In recent years it has become apparent that much of the mediation of bilirubin metabolism and the determination of whether STB concentrations remain within the physiologic range or increase to potentially harmful concentrations lies within genetic control. Indeed, one of the most important advances in our understanding of the genomics of bilirubin metabolism was the elucidation of the UGT1A1 gene encoding the bilirubin-conjugating enzyme, uridine diphosphate-glucuronosyltransferase 1A1 (UGT1A1). It is now apparent that a number of genes control both the production and elimination of bilirubin and that polymorphisms or mutations of these genes, sometimes acting in combination or synergistically, have the potential to cause extreme hyperbilirubinemia. Additionally, genetically inherited diseases due to mutations of genes not normally involved in the physiology of bilirubin are associated with increased hemolysis, sometimes to a marked degree. Select hereditary conditions with the potential to moderate bilirubin metabolism are listed in Box 91.1 . Furthermore, in addition to specific mutations and polymorphisms, there are racial and ethnic influences on bilirubin values and neonatal hyperbilirubinemia, as will be discussed. Finally, next-generation DNA sequencing, a modern diagnostic tool, has the potential to determine a specific genetic etiology in many newborns with extreme hyperbilirubinemia.

Box 91.1
Mutations and Polymorphisms of Genes Active in the Formation and Elimination of Bilirubin With the Potential for Modulating Neonatal Hyperbilirubinemia

  • A.

    Increased heme catabolism

    • Heme oxygenase-1 ( HO-1 ) promoter polymorphisms

  • B.

    Diminished bilirubin formation

    • Bilirubin reductase polymorphisms

  • C.

    Diminished bilirubin hepatic uptake

    • Solute carrier organic anion transporter ( SLCO1B1 ) polymorphisms

  • D.

    Diminished bilirubin conjugation

  • Uridine diphosphate-glucuronosyltransferase 1A1 ( UGT1A1) promoter and coding area polymorphisms and mutations

As reviewed in the ensuing chapter, hyperbilirubinemia is not dependent on increased bilirubin production or diminished elimination as individual processes. Rather, these forces may combine and even interact to increase the STB at any point in time.

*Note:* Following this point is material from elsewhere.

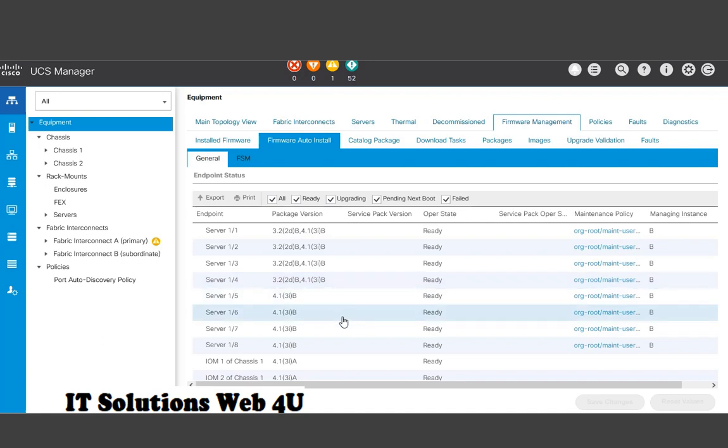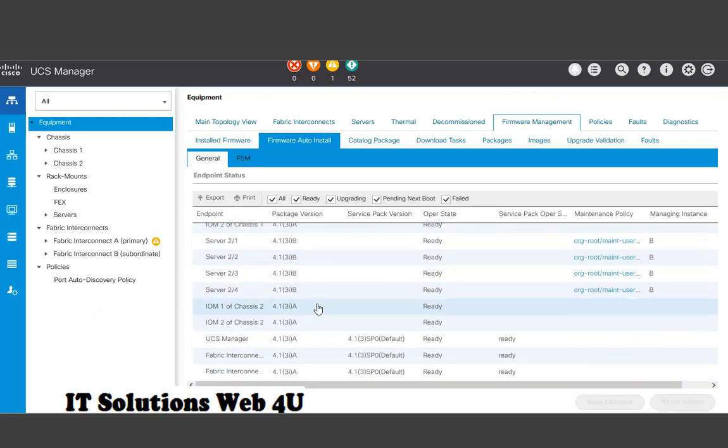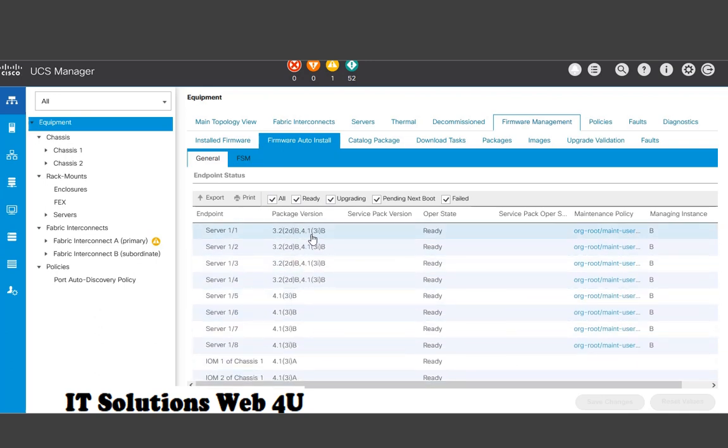In this case, I am going to delete all firmware packages except 3.2.2d and 4.1.3i.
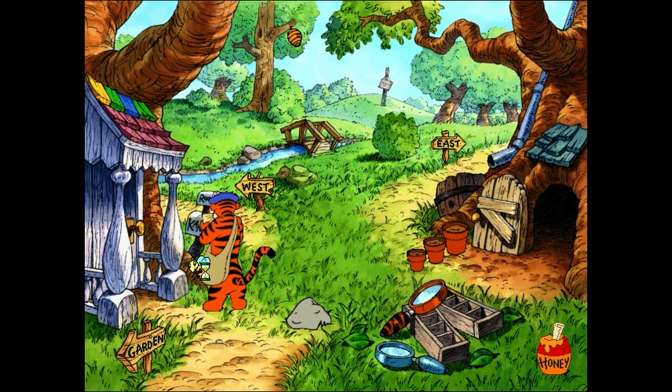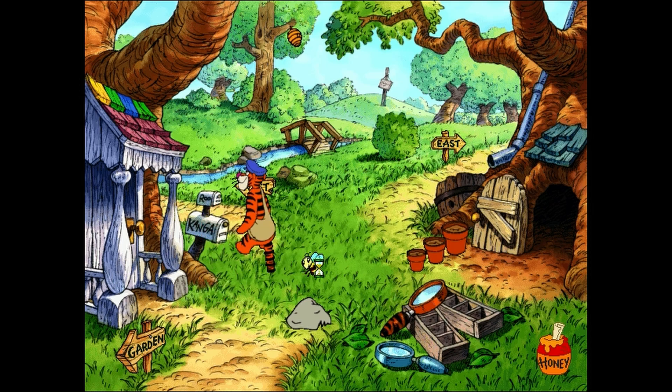Say, this first letter to Kanga doesn't have enough stamperoonies, and this second letter has too many. But this third letter from me to little Roo is stamped just right. That figures. This first letter is for Kanga from ol' long ears. This second letter is for Kanga from ol' feather head. And this third letter with the stripeys all over it — it's for Little Roo from yours truly. Now we shall head in a rather east-ish direction.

The serum total bilirubin: what does it imply?

The STB at any point in time represents two cardinal contributing processes: bilirubin production and bilirubin elimination, the latter primarily by conjugation but also including bilirubin uptake into the hepatocyte and excretion of the conjugated product. In neonates, bowel reabsorption of bilirubin via the enterohepatic circulation may further add to the bilirubin pool.

In healthy adults and older children and infants, bilirubin production and elimination are in equilibrium, and the STB remains within normal limits. During the first postnatal days, however, physiologically increased heme formation and its catabolism result in increased bilirubin production, while diminished activity of the bilirubin-conjugating enzyme, UGT1A1, results in decreased bilirubin conjugation. Mild or moderate imbalance between these processes may pose little threat to an otherwise healthy, term infant. Almost all newborns have UGT1A1 enzyme immaturity; therefore, diminished bilirubin conjugation is universally present. In the immediate postnatal period, bilirubin production exceeds its elimination, resulting from a high intrauterine (and postnatal) hemoglobin concentration, a shortened red blood cell (RBC) life span, and elimination of transplacental clearance. Consequently, a physiologic increase in STB occurs during the first postnatal days. Given universally diminished bilirubin conjugation in the newborn and the delicate balance between production and excretion, increased hemolysis will be the mediating factor in the pathophysiology of hyperbilirubinemia in most cases.

Imbalance Between Bilirubin Production and Elimination

Despite the significance of increased hemolysis, bilirubin accumulation in a hemolytic state should not always be assumed. Of prime importance is the concept of lack of equilibrium between bilirubin production and conjugation. Thus, in an infant who is hemolyzing but has efficient bilirubin-conjugating capacity, STB may not rise. On the other hand, in an infant with immature bilirubin-conjugating capacity, due, for example, to late prematurity or the presence of 7, rather than the wild-type 6, thymine adenine (TA) 7 repeats in the promoter region of the UGT1A1 gene (UGT1A1∗28) , associated with Gilbert syndrome, even minimally increased hemolysis may result in hyperbilirubinemia.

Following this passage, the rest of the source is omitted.